This moment is the embodiment of Refused’s impact. It illustrates their ability to fuck with the formulae of heavy music without refuting its power. The Shape of Punk to Come was built on moments that were both thought provoking and sonically brutal. Satiric statements and double speak shouted over angular chords. Questioning their own status in a snarl. Hardcore punk rock albums are traditionally written in directly defiant language, but The Shape of Punk to Come is complex, artistically formatted and nuanced.

The aforementioned rest in “Liberation Frequency” is no different. In that moment the tense anger of punk and hardcore music is created using a different method. The jarring individuality of that moment allows Refused’s message to resonate because the chaos and intoxicating rage are intact but they’re not softened by an entire genre’s worth of similarly written songs. Instead the moment risky and it’s quiet and it’s instrumentally disjointed.

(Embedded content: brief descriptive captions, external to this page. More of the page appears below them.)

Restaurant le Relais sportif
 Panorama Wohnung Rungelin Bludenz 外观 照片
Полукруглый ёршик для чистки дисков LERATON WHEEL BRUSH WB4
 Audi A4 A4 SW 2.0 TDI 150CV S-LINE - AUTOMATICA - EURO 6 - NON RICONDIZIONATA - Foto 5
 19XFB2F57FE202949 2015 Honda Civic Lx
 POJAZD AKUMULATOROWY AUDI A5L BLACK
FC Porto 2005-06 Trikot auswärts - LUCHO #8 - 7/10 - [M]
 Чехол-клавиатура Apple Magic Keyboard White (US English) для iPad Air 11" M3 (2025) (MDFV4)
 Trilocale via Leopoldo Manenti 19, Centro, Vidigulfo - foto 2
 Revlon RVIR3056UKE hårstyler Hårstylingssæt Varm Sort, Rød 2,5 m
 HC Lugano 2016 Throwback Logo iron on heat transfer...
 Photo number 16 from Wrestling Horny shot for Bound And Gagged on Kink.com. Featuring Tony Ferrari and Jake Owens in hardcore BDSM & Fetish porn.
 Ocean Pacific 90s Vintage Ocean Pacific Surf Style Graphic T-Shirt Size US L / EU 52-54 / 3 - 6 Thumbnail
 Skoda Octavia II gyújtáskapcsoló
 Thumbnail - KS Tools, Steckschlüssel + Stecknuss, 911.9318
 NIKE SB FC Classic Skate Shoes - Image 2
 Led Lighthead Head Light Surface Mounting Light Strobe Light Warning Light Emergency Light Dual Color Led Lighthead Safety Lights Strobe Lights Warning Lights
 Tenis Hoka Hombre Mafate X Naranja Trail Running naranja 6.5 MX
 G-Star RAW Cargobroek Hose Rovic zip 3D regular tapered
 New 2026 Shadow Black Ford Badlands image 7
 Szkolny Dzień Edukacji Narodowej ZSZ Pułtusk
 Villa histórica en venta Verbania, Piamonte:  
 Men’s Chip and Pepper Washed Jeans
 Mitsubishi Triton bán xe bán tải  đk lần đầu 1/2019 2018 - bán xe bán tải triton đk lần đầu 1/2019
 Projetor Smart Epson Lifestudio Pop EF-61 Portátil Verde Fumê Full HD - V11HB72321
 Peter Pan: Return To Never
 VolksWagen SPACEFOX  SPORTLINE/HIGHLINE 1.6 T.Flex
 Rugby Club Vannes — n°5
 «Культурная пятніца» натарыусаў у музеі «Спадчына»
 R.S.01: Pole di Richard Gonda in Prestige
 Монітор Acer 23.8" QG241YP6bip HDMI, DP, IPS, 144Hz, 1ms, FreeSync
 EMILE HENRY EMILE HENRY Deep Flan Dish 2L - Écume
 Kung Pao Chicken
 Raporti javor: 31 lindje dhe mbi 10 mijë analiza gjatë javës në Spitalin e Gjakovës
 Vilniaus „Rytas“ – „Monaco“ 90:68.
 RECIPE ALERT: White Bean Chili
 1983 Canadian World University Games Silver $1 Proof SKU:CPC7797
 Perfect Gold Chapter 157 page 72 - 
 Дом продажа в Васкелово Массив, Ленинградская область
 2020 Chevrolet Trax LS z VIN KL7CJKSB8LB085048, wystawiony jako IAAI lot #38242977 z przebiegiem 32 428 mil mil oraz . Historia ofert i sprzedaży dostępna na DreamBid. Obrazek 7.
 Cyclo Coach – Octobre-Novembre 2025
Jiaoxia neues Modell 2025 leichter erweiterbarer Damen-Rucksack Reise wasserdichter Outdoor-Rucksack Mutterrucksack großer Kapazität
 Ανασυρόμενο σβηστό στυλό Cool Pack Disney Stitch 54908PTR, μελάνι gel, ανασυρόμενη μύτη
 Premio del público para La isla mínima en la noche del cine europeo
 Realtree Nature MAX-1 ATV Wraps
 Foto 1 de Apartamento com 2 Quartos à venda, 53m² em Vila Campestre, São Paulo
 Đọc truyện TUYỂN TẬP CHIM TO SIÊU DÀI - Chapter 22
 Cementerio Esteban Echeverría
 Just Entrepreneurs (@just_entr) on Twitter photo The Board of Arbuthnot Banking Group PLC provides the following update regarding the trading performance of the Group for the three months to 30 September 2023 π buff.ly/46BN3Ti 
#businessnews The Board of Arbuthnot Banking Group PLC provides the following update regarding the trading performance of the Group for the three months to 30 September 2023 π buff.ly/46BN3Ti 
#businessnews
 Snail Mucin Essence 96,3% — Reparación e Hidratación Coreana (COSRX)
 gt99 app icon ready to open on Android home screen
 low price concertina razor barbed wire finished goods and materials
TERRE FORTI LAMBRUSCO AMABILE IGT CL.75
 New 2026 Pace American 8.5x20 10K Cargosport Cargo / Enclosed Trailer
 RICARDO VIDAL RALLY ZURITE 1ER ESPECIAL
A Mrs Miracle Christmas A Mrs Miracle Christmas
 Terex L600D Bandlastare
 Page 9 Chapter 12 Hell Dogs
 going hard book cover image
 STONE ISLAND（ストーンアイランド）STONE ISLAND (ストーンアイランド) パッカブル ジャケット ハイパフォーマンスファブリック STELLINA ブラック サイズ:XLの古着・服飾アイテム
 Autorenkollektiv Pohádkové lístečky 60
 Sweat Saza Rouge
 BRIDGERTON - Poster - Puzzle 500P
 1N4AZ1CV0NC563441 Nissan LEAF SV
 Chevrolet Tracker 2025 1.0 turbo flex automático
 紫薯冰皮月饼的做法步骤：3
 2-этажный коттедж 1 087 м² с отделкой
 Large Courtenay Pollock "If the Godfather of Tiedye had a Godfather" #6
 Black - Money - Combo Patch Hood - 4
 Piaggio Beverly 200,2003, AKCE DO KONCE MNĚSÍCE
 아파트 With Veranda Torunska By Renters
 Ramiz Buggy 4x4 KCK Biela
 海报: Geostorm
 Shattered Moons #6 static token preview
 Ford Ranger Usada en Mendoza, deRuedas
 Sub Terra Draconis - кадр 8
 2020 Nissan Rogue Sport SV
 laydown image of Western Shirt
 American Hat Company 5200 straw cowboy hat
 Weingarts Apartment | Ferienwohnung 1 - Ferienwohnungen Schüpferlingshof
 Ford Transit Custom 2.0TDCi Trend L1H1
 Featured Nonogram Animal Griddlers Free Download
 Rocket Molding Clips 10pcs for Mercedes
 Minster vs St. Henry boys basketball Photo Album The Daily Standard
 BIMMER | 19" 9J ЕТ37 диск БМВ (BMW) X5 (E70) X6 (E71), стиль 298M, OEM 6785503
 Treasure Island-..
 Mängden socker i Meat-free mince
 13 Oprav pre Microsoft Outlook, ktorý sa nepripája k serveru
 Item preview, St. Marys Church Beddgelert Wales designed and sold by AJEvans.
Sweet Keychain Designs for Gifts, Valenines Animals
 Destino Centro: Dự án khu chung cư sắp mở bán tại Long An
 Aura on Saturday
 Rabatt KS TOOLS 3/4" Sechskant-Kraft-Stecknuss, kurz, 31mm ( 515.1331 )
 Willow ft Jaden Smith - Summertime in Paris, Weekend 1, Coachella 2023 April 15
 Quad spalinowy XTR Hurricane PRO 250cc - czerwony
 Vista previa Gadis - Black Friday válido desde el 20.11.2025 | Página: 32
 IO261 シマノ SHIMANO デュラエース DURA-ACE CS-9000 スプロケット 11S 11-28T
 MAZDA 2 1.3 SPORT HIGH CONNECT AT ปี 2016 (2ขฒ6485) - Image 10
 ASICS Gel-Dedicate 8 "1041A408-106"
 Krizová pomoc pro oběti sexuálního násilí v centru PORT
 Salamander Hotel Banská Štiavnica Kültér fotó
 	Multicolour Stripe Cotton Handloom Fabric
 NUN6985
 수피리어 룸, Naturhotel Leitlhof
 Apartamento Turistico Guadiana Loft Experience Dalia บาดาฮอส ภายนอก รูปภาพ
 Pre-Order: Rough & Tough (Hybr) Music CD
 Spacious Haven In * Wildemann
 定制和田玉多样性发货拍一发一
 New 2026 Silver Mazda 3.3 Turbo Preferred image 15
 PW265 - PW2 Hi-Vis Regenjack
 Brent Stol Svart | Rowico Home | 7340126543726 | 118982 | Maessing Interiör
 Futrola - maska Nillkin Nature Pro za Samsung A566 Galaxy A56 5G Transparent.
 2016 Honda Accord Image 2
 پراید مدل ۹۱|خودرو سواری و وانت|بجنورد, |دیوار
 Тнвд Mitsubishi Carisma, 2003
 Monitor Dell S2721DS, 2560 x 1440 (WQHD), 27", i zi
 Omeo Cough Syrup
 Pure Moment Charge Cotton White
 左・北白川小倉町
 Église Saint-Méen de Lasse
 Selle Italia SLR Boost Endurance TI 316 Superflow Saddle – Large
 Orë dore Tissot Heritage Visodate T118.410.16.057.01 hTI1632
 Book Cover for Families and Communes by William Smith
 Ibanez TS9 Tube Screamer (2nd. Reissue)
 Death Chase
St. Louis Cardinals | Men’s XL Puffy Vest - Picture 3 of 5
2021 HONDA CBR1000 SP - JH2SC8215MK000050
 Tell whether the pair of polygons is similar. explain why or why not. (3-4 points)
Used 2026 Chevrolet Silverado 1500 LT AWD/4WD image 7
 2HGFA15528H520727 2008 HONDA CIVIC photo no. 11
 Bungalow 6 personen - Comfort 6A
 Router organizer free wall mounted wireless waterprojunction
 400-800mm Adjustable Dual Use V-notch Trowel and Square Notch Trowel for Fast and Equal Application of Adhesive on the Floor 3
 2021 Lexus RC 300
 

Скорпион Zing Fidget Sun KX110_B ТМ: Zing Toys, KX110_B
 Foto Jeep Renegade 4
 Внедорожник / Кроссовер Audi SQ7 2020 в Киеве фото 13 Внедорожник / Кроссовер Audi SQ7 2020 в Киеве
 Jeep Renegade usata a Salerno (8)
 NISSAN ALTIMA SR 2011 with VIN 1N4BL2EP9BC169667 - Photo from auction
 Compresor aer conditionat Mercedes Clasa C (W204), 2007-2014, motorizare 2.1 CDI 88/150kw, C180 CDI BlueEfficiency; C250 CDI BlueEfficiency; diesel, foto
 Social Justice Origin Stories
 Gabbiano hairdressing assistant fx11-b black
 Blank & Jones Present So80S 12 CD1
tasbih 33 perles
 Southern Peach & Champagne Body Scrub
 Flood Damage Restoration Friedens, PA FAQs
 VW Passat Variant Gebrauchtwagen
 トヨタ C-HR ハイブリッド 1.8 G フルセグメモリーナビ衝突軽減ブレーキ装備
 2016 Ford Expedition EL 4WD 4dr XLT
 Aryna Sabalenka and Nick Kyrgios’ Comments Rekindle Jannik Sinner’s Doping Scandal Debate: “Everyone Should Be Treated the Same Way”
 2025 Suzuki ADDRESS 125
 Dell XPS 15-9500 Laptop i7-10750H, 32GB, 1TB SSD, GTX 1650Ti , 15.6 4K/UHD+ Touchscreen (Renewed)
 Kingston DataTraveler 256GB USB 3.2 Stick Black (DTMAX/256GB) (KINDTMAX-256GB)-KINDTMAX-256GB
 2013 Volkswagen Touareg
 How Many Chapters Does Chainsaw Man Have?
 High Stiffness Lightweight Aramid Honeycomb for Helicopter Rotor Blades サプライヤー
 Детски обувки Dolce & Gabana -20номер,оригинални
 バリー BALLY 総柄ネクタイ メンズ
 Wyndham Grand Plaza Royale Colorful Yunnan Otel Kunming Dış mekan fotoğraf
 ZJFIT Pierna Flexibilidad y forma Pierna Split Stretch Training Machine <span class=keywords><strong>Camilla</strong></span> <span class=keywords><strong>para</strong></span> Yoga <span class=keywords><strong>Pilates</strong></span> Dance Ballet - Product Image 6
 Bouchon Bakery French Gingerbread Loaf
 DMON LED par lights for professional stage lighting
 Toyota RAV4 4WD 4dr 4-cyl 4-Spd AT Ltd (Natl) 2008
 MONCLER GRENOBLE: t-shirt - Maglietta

If hardcore as a style is blanketed by knowability and finite possibilities, “Liberation Frequency” is strongly rooted to the purposeful context of the album. In the face of hardcore’s relatively static landscape, Refused put stake in both musical and thematic progress and asked for listeners’ patience in appreciating the way that Shape’s tracks discussed and presented their unique argument.

To reshape a genre and move a style forward, moments like the rest in “Liberation Frequency” have to exist. Moments that are so grabbing, so off-putting and demanding of attention that they bring to light just how different the embedded message is. While the foundational aspects of hardcore (fast songs, shouted lyrics, themes of strength and struggle) haven’t changed that much since the late 90s, artists that carry the torch have discovered different ways to say what they wants to say, and has learned to use tools like irony, satire and juxtaposition to describe a changing world. This intentionality is the totem of artistic progress for music. When artists are cognisant of the fact that what they create may transcend their built-in audience, they become empowered to step outside of the easily followable guidelines. They can break time signatures, stand up for different causes, speak from different narrative perspectives and package their albums in aesthetically engaging ways. Simply put, they can ignore the crutch of routine and use intentionality as a jumping-off point to contradict, to consider and to grow.